TO DO: Your answer should consist only of the lines below from the one with "Gold Beach Villa Daman Esterno foto" through the one with "Mercedes-Benz C200 2008 Gray", copied exactly.

SUPPLIED MATERIAL:
· · · · ·
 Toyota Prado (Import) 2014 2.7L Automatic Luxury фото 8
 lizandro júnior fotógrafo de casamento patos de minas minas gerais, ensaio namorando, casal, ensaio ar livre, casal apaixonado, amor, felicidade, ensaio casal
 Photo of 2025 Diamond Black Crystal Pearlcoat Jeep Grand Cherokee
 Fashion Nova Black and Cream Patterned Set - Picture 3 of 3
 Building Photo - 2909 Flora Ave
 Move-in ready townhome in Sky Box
· · · · ·
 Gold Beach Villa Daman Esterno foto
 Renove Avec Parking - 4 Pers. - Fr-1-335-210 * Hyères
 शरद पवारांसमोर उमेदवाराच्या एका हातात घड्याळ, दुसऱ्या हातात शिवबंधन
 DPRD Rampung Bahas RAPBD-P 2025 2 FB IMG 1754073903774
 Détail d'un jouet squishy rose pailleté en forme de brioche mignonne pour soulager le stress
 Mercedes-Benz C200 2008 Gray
· · · · ·
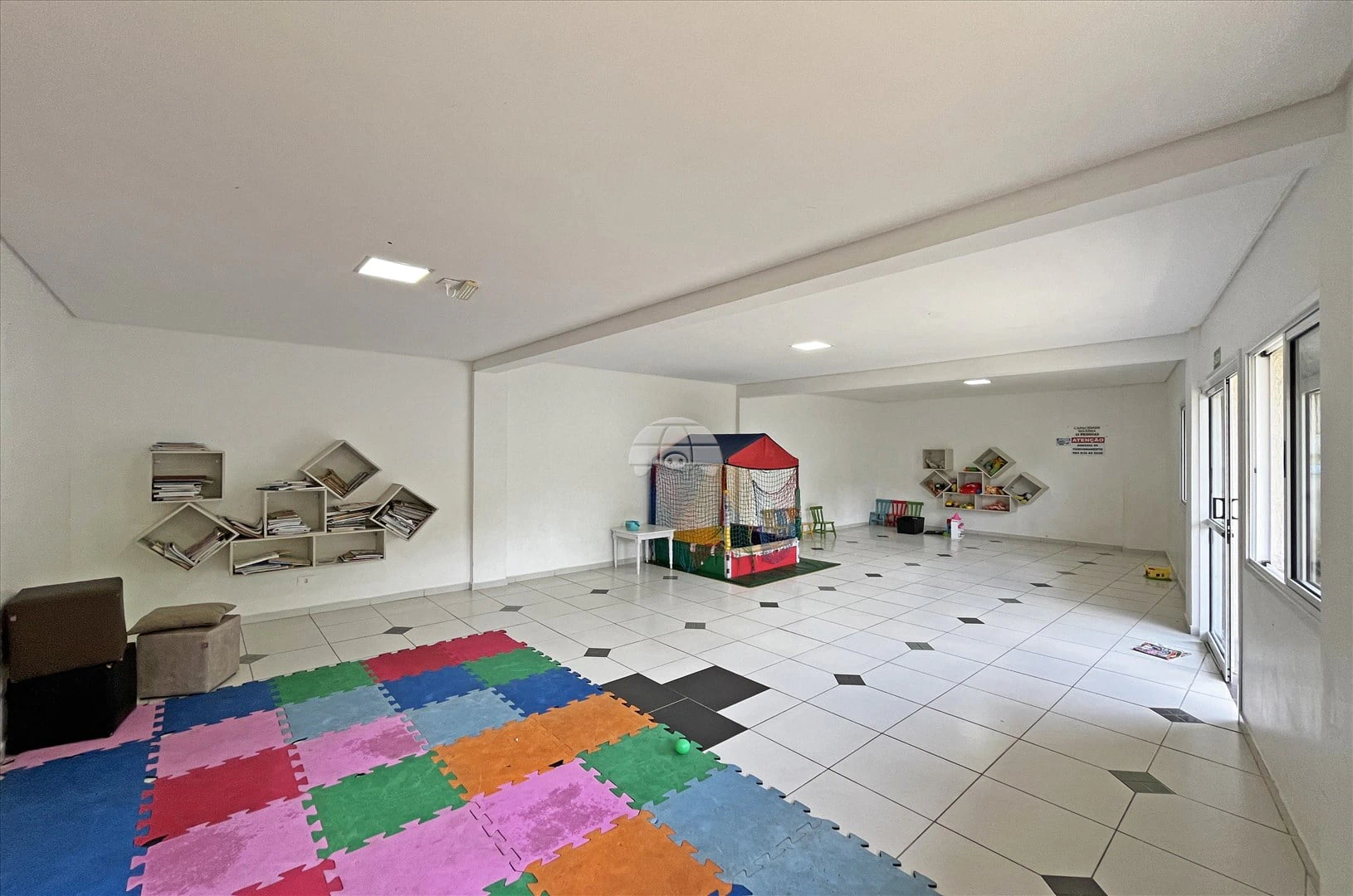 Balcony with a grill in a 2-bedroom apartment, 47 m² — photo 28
· · · · ·
ANSWER SPACE:
 Gold Beach Villa Daman Esterno foto
 Renove Avec Parking - 4 Pers. - Fr-1-335-210 * Hyères
 शरद पवारांसमोर उमेदवाराच्या एका हातात घड्याळ, दुसऱ्या हातात शिवबंधन
 DPRD Rampung Bahas RAPBD-P 2025 2 FB IMG 1754073903774
 Détail d'un jouet squishy rose pailleté en forme de brioche mignonne pour soulager le stress
 Mercedes-Benz C200 2008 Gray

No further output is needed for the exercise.